本願の核心的な争点は、人工的な性器または代替品に該当するか否か、そして社会公衆道徳に反するか否かであります。出願人は、本技術案は一般的なマッサージ機能を実現し、人体のあらゆる部位に作用可能であり、明細書において性玩具として言及されておらず、本製品は人間の性器の外観を有してもいなければ、人間の性器を代替する機能も有しておらず、単に女性の性敏感部位に対する物理的刺激を補助するツールであり、人工的な性器の代替品ではないと主張しました。さらに出願人は、性玩具が公衆に販売されているということは、公衆がそのような製品に一定の受容性を持っていることを示唆しており、本発明は社会公衆道徳に反するものと見なされるべきではないと指摘しました。

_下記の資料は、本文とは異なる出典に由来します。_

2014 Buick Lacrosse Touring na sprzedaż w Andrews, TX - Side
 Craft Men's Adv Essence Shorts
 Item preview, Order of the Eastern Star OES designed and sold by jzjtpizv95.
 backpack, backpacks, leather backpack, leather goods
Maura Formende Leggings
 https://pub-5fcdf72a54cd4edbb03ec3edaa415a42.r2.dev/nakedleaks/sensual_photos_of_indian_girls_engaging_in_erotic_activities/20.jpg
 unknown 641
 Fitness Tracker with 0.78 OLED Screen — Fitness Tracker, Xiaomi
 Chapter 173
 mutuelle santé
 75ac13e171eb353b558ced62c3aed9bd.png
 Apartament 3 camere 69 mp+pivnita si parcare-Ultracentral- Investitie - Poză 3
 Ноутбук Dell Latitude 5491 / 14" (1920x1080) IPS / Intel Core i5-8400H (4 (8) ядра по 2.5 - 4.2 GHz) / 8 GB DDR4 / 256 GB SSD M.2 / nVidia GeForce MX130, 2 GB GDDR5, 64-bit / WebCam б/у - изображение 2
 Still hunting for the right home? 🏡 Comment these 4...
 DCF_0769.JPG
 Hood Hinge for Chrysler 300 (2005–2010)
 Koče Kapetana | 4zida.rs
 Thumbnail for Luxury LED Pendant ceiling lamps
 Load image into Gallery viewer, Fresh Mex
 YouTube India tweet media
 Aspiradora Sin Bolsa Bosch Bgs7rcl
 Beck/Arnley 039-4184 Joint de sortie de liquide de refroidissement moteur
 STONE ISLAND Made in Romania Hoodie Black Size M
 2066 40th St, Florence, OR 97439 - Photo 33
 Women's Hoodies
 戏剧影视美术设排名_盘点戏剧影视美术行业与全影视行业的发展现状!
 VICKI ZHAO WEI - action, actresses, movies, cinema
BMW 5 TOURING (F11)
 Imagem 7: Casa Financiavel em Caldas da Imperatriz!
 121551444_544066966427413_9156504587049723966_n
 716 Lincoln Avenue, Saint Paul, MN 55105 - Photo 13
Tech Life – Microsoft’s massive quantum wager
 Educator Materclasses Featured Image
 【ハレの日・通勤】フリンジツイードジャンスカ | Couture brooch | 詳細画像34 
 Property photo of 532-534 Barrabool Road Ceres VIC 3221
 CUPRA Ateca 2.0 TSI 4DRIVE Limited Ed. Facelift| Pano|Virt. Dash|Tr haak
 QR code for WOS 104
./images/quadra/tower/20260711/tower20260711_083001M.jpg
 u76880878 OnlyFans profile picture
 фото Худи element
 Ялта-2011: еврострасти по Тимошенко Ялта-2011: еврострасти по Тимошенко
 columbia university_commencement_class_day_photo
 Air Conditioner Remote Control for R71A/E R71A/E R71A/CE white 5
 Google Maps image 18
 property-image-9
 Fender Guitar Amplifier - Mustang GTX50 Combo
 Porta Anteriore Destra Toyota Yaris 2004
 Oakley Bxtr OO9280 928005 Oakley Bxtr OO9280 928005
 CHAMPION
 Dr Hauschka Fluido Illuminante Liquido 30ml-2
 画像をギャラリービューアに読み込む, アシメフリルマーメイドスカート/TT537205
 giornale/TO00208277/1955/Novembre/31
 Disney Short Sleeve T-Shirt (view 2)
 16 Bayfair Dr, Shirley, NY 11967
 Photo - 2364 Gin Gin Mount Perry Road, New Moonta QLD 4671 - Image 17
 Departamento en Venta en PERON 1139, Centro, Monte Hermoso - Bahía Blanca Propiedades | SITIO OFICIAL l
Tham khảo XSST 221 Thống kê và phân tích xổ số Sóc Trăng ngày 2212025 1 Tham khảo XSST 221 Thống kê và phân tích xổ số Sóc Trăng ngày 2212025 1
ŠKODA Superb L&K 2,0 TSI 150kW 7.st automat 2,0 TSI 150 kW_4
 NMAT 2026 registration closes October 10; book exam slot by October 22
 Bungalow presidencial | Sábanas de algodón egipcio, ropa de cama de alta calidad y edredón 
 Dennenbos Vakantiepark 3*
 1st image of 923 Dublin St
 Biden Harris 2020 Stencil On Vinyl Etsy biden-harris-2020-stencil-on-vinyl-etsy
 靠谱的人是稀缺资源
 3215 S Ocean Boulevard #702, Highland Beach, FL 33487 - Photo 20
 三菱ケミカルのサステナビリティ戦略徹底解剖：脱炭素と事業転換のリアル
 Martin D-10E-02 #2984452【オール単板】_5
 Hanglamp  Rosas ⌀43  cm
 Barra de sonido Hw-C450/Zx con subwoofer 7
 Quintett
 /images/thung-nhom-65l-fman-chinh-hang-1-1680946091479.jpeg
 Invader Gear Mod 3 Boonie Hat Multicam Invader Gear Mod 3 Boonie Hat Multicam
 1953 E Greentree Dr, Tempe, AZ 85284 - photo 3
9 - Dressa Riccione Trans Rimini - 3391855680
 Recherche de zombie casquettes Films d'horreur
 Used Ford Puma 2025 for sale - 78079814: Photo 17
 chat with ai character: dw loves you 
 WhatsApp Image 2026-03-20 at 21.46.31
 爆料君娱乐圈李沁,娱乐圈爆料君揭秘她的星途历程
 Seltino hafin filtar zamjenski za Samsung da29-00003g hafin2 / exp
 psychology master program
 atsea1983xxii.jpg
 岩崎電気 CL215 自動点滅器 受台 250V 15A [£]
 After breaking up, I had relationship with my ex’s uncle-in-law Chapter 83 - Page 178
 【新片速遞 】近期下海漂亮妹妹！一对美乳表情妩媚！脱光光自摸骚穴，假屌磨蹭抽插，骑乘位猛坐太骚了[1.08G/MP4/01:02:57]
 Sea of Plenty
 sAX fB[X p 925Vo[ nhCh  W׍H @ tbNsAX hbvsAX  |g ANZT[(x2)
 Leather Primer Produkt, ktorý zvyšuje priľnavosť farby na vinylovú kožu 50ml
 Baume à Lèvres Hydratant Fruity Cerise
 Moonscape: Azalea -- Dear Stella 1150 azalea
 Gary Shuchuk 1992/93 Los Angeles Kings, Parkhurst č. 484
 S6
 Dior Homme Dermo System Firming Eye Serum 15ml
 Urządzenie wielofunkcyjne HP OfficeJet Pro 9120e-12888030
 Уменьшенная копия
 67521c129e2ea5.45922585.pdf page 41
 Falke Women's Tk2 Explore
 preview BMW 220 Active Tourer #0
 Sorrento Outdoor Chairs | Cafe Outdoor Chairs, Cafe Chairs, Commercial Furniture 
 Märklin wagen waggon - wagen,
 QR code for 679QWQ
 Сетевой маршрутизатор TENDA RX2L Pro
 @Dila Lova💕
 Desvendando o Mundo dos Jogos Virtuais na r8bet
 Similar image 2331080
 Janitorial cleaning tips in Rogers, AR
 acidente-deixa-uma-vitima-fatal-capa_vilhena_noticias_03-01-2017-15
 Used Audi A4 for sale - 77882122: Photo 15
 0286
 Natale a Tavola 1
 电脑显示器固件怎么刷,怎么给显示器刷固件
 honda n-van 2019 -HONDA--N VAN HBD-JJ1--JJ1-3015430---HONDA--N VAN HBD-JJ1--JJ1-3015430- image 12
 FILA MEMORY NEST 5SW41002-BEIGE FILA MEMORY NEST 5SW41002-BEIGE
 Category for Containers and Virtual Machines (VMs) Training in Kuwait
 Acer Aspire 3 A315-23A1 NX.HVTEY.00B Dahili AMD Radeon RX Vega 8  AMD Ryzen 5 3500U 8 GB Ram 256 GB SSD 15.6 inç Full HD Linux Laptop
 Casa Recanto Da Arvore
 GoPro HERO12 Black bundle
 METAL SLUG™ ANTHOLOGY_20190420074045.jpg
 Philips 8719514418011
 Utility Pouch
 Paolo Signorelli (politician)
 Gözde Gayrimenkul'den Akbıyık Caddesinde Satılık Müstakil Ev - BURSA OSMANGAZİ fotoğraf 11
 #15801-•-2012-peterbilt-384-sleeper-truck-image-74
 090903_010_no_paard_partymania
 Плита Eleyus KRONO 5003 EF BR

拒絶査定不服審判手続きにおいて、合議体は出願内容を再評価し、本技術案は、当該製品が性玩具として使用されることを特定しておらず、人間の性器の外観や機能を有していないと判断しました。したがって、人工性器または代替品ではないと認定され、拒絶査定は最終的に取り消されました。

中国専利法第五条第1項に基づくオフィスアクションへの対応戦略

技術の本質の明確化:このようなオフィスアクションを受けた場合、特許の技術案が人工性器またはその代替品に向けられたものではないことを主張するのが望ましいです。

前述のマッサージ機構およびマッサージ器の出願を例に挙げると、マッサージ機能は人体の複数の部位に作用し、性器専用に設計されたものではなく、性器の外観や主な機能を有していないという、マッサージ機能の汎用性を強調する必要があります。

非性機能の強調:当該技術が性玩具への応用可能性に加えて、性機能以外の機能を有する場合は、オフィスアクションへの応答において、これらを強調する必要があります。例えば、一部のマッサージ器は、血行促進や筋肉疲労の緩和といった一般的なマッサージ機能を備えている場合があります。これらの機能の存在を裏付けるために、関連する科学的証拠や研究報告を提示することができます。

社会的意識の変化を示す証拠:性玩具に対する社会的な受容度が高まっていることを示す証拠は有用です。例えば、毎年4月に開催される「上海国際成人生活及び健康産業博覧会(API EXPO)」などの成人向け製品展示会の開催は、こうした製品が社会にますます受け入れられていることを証明しています。オンライン・オフライン両チャネルを通じた一般販売は、消費者が特別な制限なしに自由に購入できることを示しており、性玩具に対する公衆の意識が肯定的なものに変化しており、こうした製品がもはや普遍的に社会公衆道徳に反すると見なされていないことを示しています。

中国専利法第五条第1項違反に対する防止策

センシティブな表現の回避:特許出願においては、過度に直接的でセンシティブな性的な表現は避けたほうがよいです。例えば、製品の機能を説明する際には、性的な意味合いを暗示する言葉ではなく、客観的かつ科学的な言葉を用いる必要があります。

多様な機能を強調する:発明の多様な機能、特に性的な機能以外の機能は、明細書において強調すべきです。製品がヘルスケアや日常ケアなどの他の機能を有する場合は、関連する実験データや研究報告書を裏付けとして、それらを詳細に説明する必要があります。

特許請求の範囲を合理的に定める:例えば、刺激装置の特許出願の場合、特許請求の範囲は性的刺激の機能に過度に焦点を当てるのではなく、独自の構造設計、新しい動作原理など、より広範な技術革新に焦点を当てたほうがよいです。そうすることで、特許請求の範囲が社会公衆道徳に反する疑いを生じさせることなく、発明を保護するのに十分な範囲を確保することができます。

まとめ

性玩具の特許出願は、中国専利法第五条1項の規定により多くの課題に直面していますが、効果的な対応策と予防策を講じることで、特許保護が受けられる大きな機会が依然として存在しています。オフィスアクションへの対応においては、技術案自体、社会大衆の反応、業界の発展状況、類似事例など、複数の側面から特許出願の合法性を裏付けることができます。一方、明細書作成技術を可能な限り向上させることで、中国専利法第五条1項に符合しないリスクを軽減することができます。社会概念のさらなる自由化に伴い、今後、性玩具の特許出願は、中国専利法第五条1項に該当する特殊な分野とは見なされなくなることでしょう。